Author: Khaled A. Beydoun
Topics: Islamophobia in the United States, Islam, and Politics in the United States
Islamophobia is a term uttered enough to be recognizable, but do we truly understand its scope? Do we understand the breadth of victims it affects across poverty, gender, legal status (often lack of), and race intersections? Islamophobia is defined as a “united state of fear” galvanized by hatemongers and stoked by damaging policies targeting Islam and Muslims, which is fed off of century-old hate in American society.

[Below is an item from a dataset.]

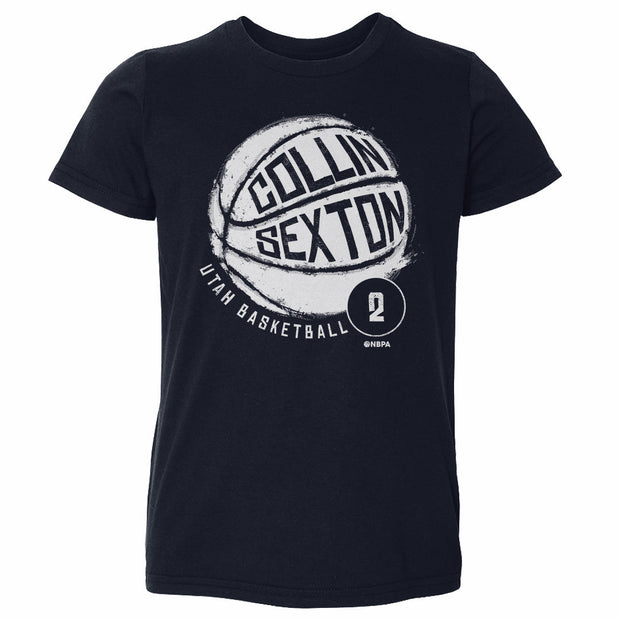 Collin Sexton Utah Basketball WHT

Beydoun provides a candid and accessible introduction to Islamophobia, describing what it is, how it evolved, and how to combat it, encouraging readers to push beyond the Trump administration’s damaging rhetoric and policies to enact change. Drawing from court cases and news headlines, personal experiences, and lessons from his career as a professor, Beydoun masterfully humanizes those impacted by Islamophobia, encouraging us to read their stories and connect with them beyond mere statistics.

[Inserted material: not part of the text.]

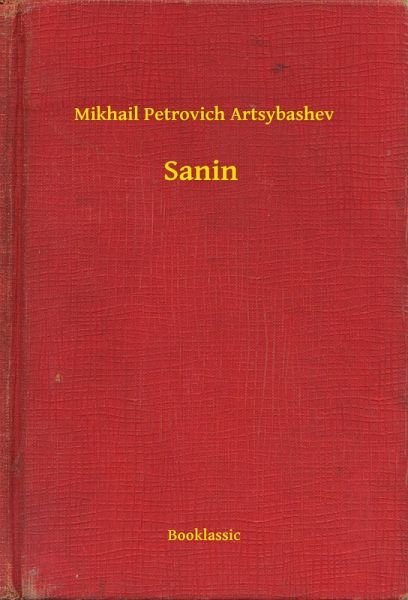 Sanin (eBook, ePUB) Sanin (eBook, ePUB)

American Islamophobia seamlessly connects the history of anti-muslim hostility and policy to modern Islamophobia proliferating the United States today, aiming to “trace the roots of the system of animus we now call Islamophobia, and provide a lasting narrative that highlights what it actually is, what and where it stems from, and most importantly, who it impacts.” Readers dissect the three dimensions of Islamophobia: private, structural, and dialectical before examining the intersection between this central thesis and concepts such as “Orientalism” and the “Naturalization-Era” court cases involving immigrants seeking citizenship. Beydoun then focuses mainly on the aftermath of 9/11 and the subsequent “war on terror” which placed the fears of terrorism entirely on Islam and Muslim citizens and immigrants. Government actions such as the PATRIOT Act, NSEERS, or the National Security Entry and Exit Registration System are explored in depth, followed by chapter five’s exploration of CVE or Countering Violent Extremists policy. These policies normalized anti-muslim sentiment paving the way for the Trump administration to enact the Muslim Ban, rightly given an in-depth exploration in chapter seven. Beydoun also forms and highlights often overlooked links between the history of Islamophobia and modern movements including Black Lives Matter. “The road ahead is daunting,” Beydoun warns audiences of his lectures and this reading experience, but hopes to encourage those willing to recognize Islamophobia and actively combat it to be vigilant, and offers “the pale consolation that today’s Islamophobia is not entirely new.” By recognizing its roots, we can begin to enact inclusion and understanding for the Muslim and Islamic communities within this country.
You’ll Love This Book If
If you’re seeking a well-informed handbook illustrating the history of Islamophobia and documenting this “definitive juncture in our country’s history” where we recognize its significance and impact, then this book is for you.
This book contains graphic descriptions of violence, hate crimes, and murders about Islamophobia.